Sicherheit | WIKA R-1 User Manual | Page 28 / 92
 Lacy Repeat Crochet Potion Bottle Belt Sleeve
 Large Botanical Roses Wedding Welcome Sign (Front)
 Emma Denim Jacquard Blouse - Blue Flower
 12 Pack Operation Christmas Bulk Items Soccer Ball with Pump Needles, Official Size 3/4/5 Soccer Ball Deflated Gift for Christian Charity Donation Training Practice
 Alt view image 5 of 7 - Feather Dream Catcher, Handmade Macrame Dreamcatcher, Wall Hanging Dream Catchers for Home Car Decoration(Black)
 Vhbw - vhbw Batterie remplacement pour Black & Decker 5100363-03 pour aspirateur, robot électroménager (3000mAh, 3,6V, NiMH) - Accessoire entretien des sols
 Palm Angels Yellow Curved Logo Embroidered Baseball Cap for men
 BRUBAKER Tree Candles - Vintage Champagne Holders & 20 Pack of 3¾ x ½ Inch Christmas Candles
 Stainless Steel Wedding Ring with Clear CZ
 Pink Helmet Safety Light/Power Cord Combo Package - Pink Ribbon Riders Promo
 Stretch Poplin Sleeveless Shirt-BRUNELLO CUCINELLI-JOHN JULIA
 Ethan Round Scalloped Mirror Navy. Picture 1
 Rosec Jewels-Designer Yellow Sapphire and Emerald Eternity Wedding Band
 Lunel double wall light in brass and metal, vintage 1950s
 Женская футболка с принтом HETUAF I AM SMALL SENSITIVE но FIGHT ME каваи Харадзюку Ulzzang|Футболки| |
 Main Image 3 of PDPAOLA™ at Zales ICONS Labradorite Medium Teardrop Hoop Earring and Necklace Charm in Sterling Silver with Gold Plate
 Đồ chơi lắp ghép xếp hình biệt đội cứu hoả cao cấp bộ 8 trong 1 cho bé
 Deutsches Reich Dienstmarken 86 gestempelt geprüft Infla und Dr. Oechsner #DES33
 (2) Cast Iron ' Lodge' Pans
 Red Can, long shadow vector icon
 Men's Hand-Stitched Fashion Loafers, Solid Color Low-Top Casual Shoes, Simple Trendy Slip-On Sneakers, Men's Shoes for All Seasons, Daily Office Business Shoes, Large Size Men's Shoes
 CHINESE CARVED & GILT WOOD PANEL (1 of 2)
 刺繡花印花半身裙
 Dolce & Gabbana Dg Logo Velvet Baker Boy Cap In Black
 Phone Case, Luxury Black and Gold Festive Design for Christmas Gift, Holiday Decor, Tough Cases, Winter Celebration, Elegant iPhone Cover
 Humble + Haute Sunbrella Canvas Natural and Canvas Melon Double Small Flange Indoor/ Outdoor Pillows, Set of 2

_ _ _ _ _

● Work to be completed
Nothing but the line with "Женская футболка с" and the lines after it, through the end of the material, should appear in the output, word for word.

● Solution below
 Женская футболка с принтом HETUAF I AM SMALL SENSITIVE но FIGHT ME каваи Харадзюку Ulzzang|Футболки| |
 Main Image 3 of PDPAOLA™ at Zales ICONS Labradorite Medium Teardrop Hoop Earring and Necklace Charm in Sterling Silver with Gold Plate
 Đồ chơi lắp ghép xếp hình biệt đội cứu hoả cao cấp bộ 8 trong 1 cho bé
 Deutsches Reich Dienstmarken 86 gestempelt geprüft Infla und Dr. Oechsner #DES33
 (2) Cast Iron ' Lodge' Pans
 Red Can, long shadow vector icon
 Men's Hand-Stitched Fashion Loafers, Solid Color Low-Top Casual Shoes, Simple Trendy Slip-On Sneakers, Men's Shoes for All Seasons, Daily Office Business Shoes, Large Size Men's Shoes
 CHINESE CARVED & GILT WOOD PANEL (1 of 2)
 刺繡花印花半身裙
 Dolce & Gabbana Dg Logo Velvet Baker Boy Cap In Black
 Phone Case, Luxury Black and Gold Festive Design for Christmas Gift, Holiday Decor, Tough Cases, Winter Celebration, Elegant iPhone Cover
 Humble + Haute Sunbrella Canvas Natural and Canvas Melon Double Small Flange Indoor/ Outdoor Pillows, Set of 2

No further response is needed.